How to Bulk up For Serious Mass Gains–The Right Way

I was on one of the more popular question and answer sites the other day, and there was a question about bulking.

I added a comment to it, but, I wanted to expand on it here on the blog.

KNOW YOUR BODY

The biggest misconception about bulking up in order to gain muscle, is this.

People, almost always, give advice like, well, since you are sixteen all you need to do is train heavy and eat everything in sight.

Well..

The trouble with this advice is that, it does not take into account the person’s body-type.

Are you naturally skinny.

Or do you constantly have to watch everything you put into your mouth so that you do not gain too much body-fat.

For the naturally skinny guy—go for it train hard, get extra rest, and eat everything you can.

Sure, you, might add some body-fat, but, it will not be a big deal.

TROUBLE AHEAD

However, if you always need to watch your diet—and you tried the above approach, well, there is a very good chance, that you would add so much body-fat, that any muscle you gained would not be worth it.

A COMMENT

Before I continue, I would to include a comment.

Just remember, any body-fat you gain when bulking up—will eventually need to be burned off.

THE ANSWER

For my money, the better approach for someone looking to add lean muscle is to do this.

First, start off by monitoring everything you are eating—for a week.

Yes, this means that you will need to write everything down.

This will be your baseline.

Now to this add in two hundred calories or so.

I would go with it being mostly protein, but, this is just me.

Keep this level for two weeks, all the while, checking your body-fat level.

The best way to do this, is to use the mirror and the way your clothes are fitting.

If, after the two weeks, you find that you are adding too much fat—do not decrease the calories, add in a half-hour of moderate intensity cardio—like fast waking, three days per week.

Stay with this for two weeks and check again.

If you are still gaining too much fat—increase the cardio by one more day.

Chances are, this should be enough to stop the body-fat gain.

If not, make sure all of the extra two hundred calories are from protein, and not carbs.

It is a balancing act, and you have to keep at it, until you find the right number of extra calories that you can consume—without adding too much fat.

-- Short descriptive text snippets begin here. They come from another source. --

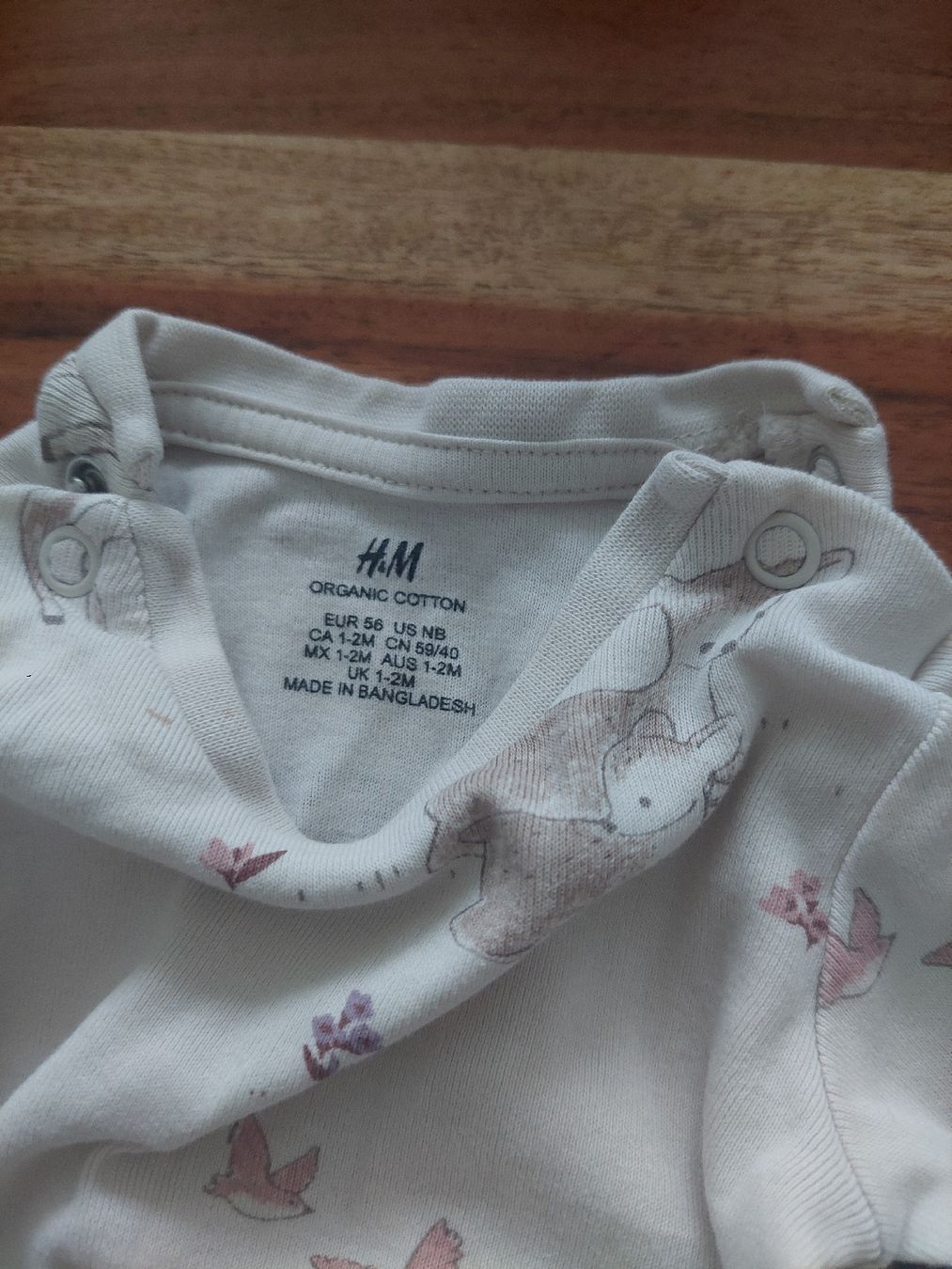 H&M Pigiama & Simili: Baby Strampler Set H&M Gr. 56, Waldtiere – Usato da Sissach venduto da zwwerg 3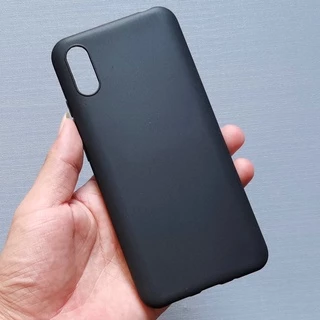 Ốp dẻo chống bẩn cho Xiaomi Redmi 9A (đen) chống bám vân tay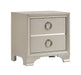 Salford 2-drawer Nightstand Metallic Sterling - Furniture Stars (Chicago, IL)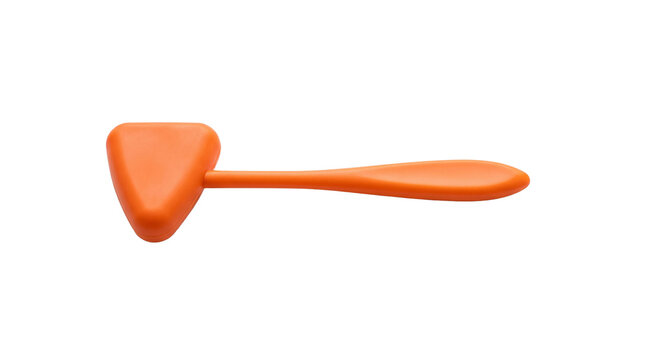 Orange reflex hammer for medical examination and neurological testing PNG Isolated on transparent background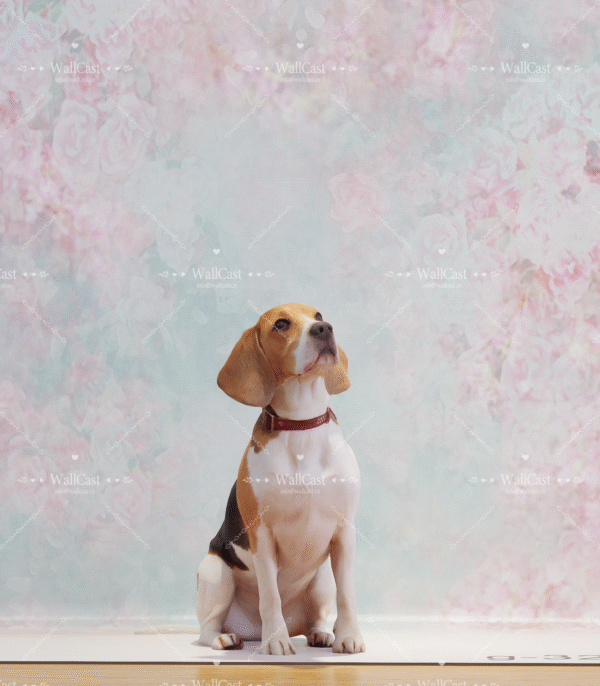 4_2 Pastel Floral Pet Photography Backdrop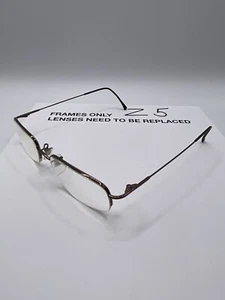 DKNY 6410 200 52 20 140 Eyeglass Frames Shiny Brown Half Rim - Picture 1 of 7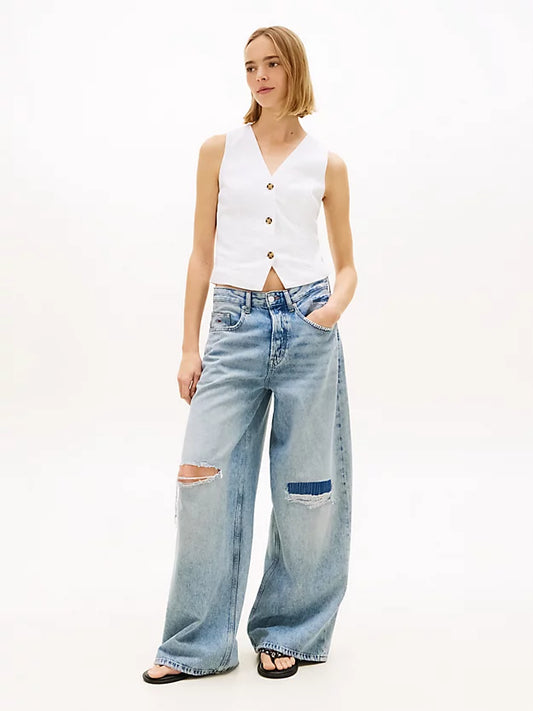 Linen Blend Waistcoat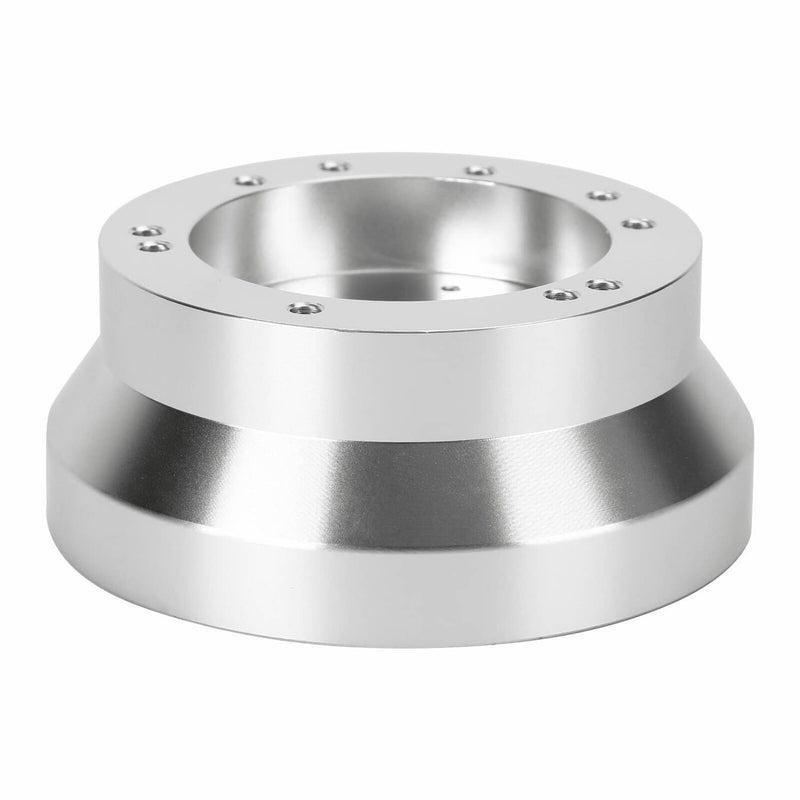 Steering Wheel Hub Adapter 5 & 6 Hole Polished Silver for GM Chevy Aluminum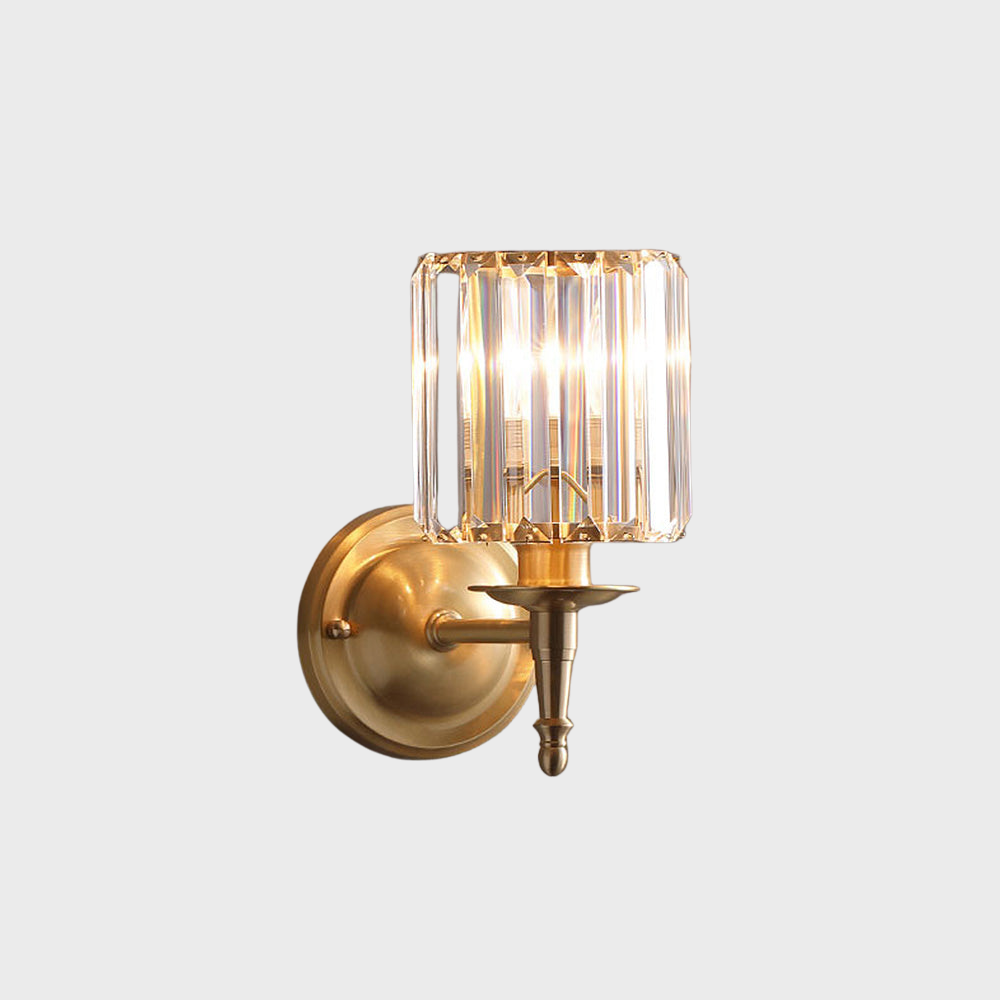 Kristall-Wandleuchte in Gold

Same goes for the person with a fast metabolism, you may need to increase your calories by five-hundred or more per day—in order to see any gains.

Yes, it will take some work—but, when you start adding lean muscle—and not body-fat, you will be happy that you put in the effort.

A NOTE:

I know, a lot of people will disagree with me on this, but, I feel even the person with a fast metabolism should do some cardio—very easy—like moderate walking—three days per week.

I feel this way, because, it is good for your health.

ANOTHER NOTE:

Yes, doing it this way, will take some time, and for the person who adds body-fat easily, there really is no room for cheating—but, again, adding even just five pounds of lean—and I mean lean—muscle per year, will add up, and one day, you will look in the mirror and be very happy with what you see.

CONCLUSION

If you are looking to add lean muscle—muscle that you will be happy to show off—to your body, take the slow and steady approach.

Sure, it might take longer, but, the results will be well worth the wait!